The current government of North Korea, you mean?
I believe it will last at least one more generation for sure, likely two generations, but beyond that point all bets are off.
My reasons for believing this have almost nothing to do with anything internal to North Korea. Rather, I am basing my assertion on the assumption that the current generation of Chinese leadership is not ready to stop propping up the government of North Korea, and it is somewhat doubtful that the next generation will be either. Beyond that is much harder to predict.
China is such a major political power that nobody can make them back down on this until they are ready. (Among other things, China has a permanent seat on the UN Security Council, complete with veto power, so no resolutions can be passed that they do not allow.)
North Korea as it exists today has no *practical* value to China (or to anyone), but practical value is only one of several major considerations in Chinese politics, and it is not the one held in highest esteem. Politically, maintaining the situation in North Korea is important.
First, the current government in North Korea is a Communist government, and while China is in practice no longer the same kind of blindly-anti-capitalist regime that we think of in the West when we hear the word "Communist", the government of China still holds very strongly to the *word* "Communist" as an important political position. This will gradually fade with time, but currently it remains essentially a third rail political issue in China, because a large percentage of the current leadership actually grew up under Mao's regime. I won't bore you with all the details here, but if you are genuinely interested, see the following Wikipedia article:
http://en.wikipedia.org/wiki/Generations_of_Chinese_leadership
The upshot of all that is, right now it is still dangerous in China to speak out against any of Mao's stated principles. Now, the Chinese government has very much moved away from what Mao *would have wanted*, especially in economic terms. That's all well and good, because what Mao *would have wanted* is, in the absence of official statements, a matter of opinion and speculation and interpretation. Moving away from what he actually *said* is more dangerous, for now, because everyone currently in a major position of leadership actually remembers him. Mao's importance in Chinese politics cannot increase; it can only decrease over time -- but that decrease in import is only going to happen rather gradually, as other important figures find their way into the limelight.

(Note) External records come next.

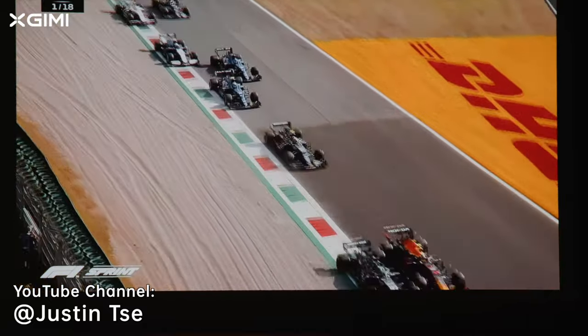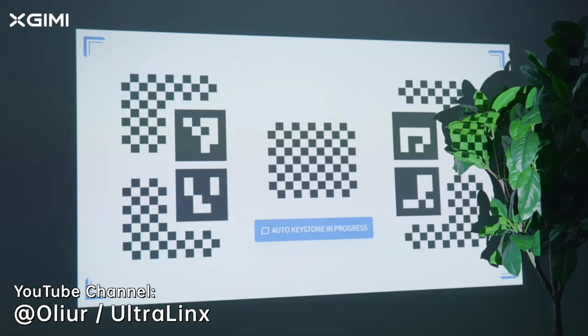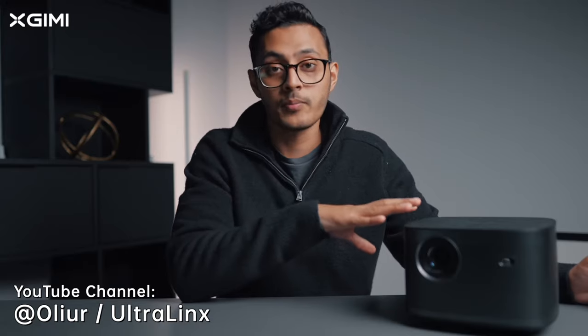Its form factor and how compact it is, the amount of tech that it packs is impressive. Because this projector makes it super easy to set up. I've been super impressed by it.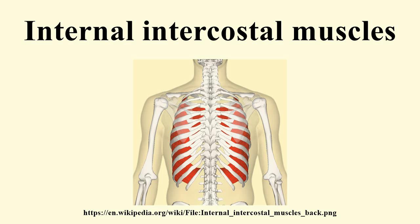Each muscle arises from the ridge on the inner surface of a rib, as well as from the corresponding costal cartilage, and is inserted into the inferior border of the rib above.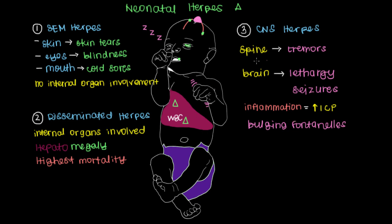Because the brain is responsible for so much, CNS herpes is associated with the highest morbidity — the highest rate of long-term complications — which can include mental retardation, cerebral palsy, or other types of neuronal slowing that persist throughout life. This makes it very important to catch a pregnant woman infected with herpes early on.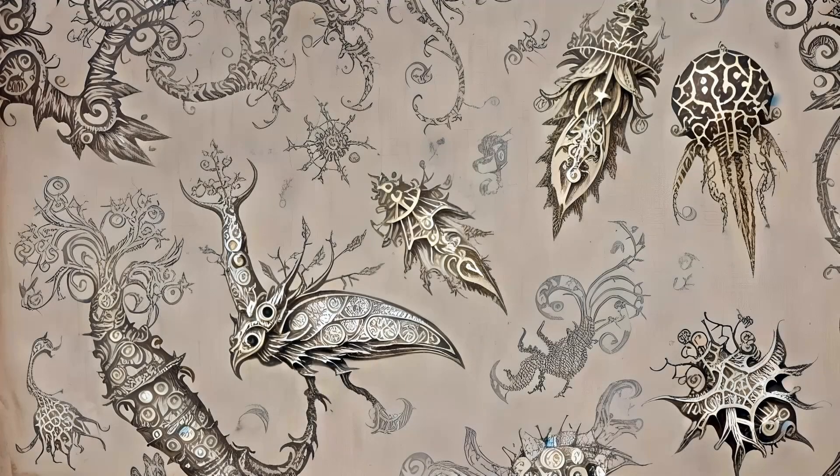Within each lower termite, and more particularly the termite hindgut, there is a miniature realm inhabited by bizarre creatures. Giant protozoa feed on tiny fragments of wood and generate hydrogen gas as they digest this unusual fare.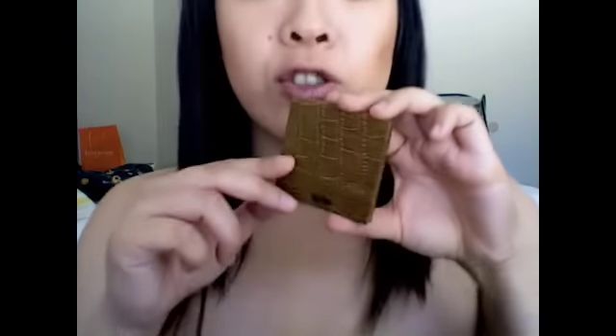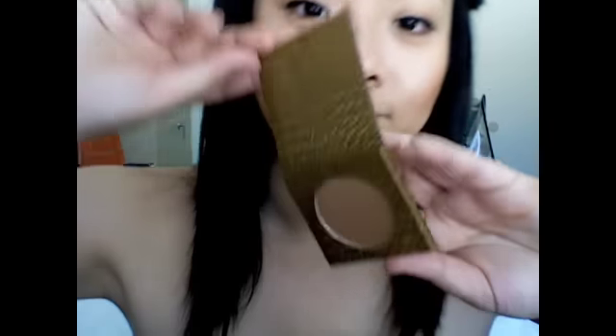I also got the Tarte Park Avenue Princess mineral powder bronzer in the travel size. It just makes my face glow — I really like it. You can pick it up at Sephora for $15. It also comes with this little kabuki brush, which is honestly the main reason I bought it. It's like a travel kabuki brush — so cute! If you find the Tarte travel bronzing kit at Sephora, I suggest you get it.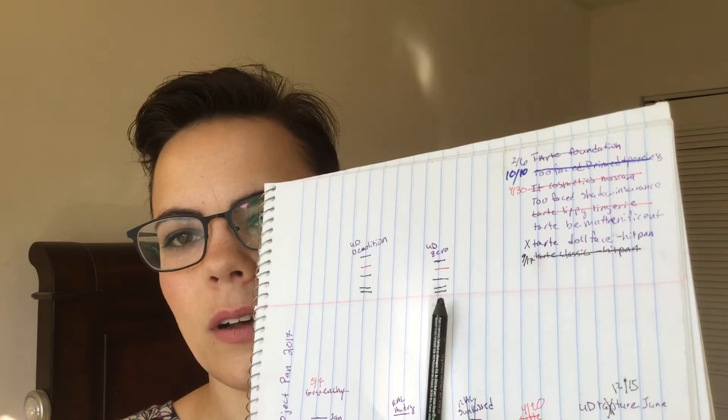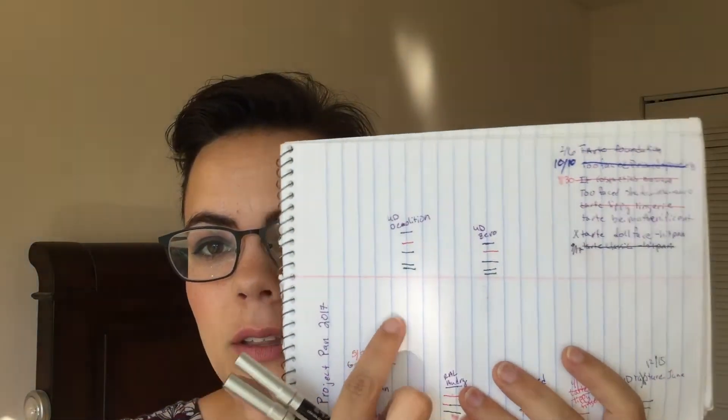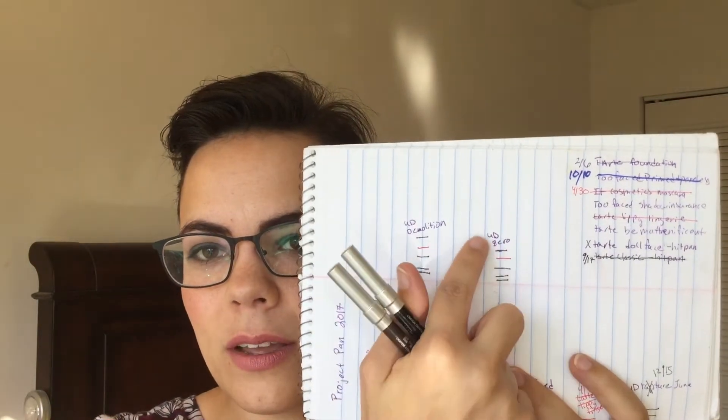I've been working on these two Urban Decay pencils — a black one in Zero and a brown one in Demolition. I made a tiny bit of progress on both. I definitely learned a lot trying to pan these eyeliners this year — I learned I'm not a huge fan of pencil eyeliners, I prefer liquid, and these take forever to go through. Seriously, that's all the progress I made the whole year.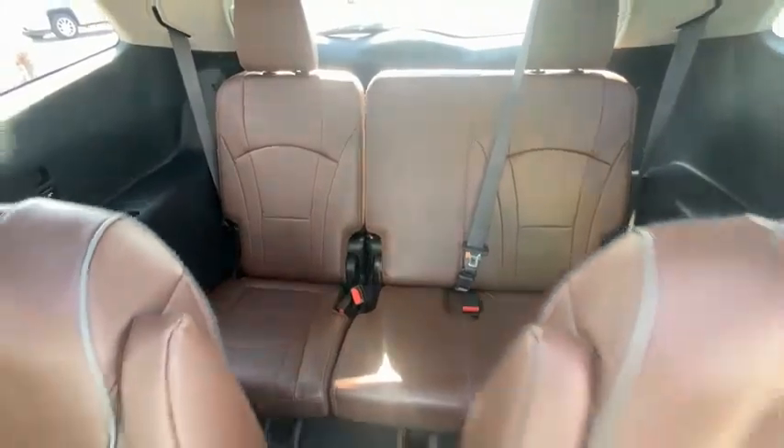Take this vehicle for a spin and see why so many shoppers are now proud owners.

Second, North Korea's major neighbors are all enemies of China, at least on paper. The nation that has the most of all to gain from a change in the North Korean government is South Korea, and the other major ones are Japan and Russia. South Korea and Japan are both fairly open, representative-government countries with notions like freedom of speech and so forth, allied with the US and Western Europe. Regarding Russia, see the Wikipedia article on the Sino-Soviet Split; the rift is only partially healed, and China definitely does not _trust_ Russia. Thus, propping up the North Korean government provides a buffer -- a dead zone if you will -- between China and some nations that they're not too keen on. The importance of this issue is very gradually fading, because as China's economic interests become more and more integrated into the global free-trade community and interdependent with various first-world nations, it is gradually becoming clear that outright conflict between China and the various Western powers is a rather unlikely eventuality. (We put diplomatic pressure on one another over various issues, because we'd like to talk one another into things, but nobody gets hurt.) This change however is happening very *gradually*, in part because China's economic development has been very gradual in nature (because the PROC government planned it that way -- no sudden shocks, just keep moving slowly in the desired direction and eventually you get there). Thus, while the day will probably come when China no longer feels a political need to continue to prop up North Korea, that day has not yet arrived.
Chinese politics is really *weird*, and I'm not an expert on it, and it's possible that I'm missing something; but from what I can see, China is not ready to let the Communist government of North Korea fail yet. And China has more than enough resources to keep it propped up, at least for the time being. But that situation will not last forever.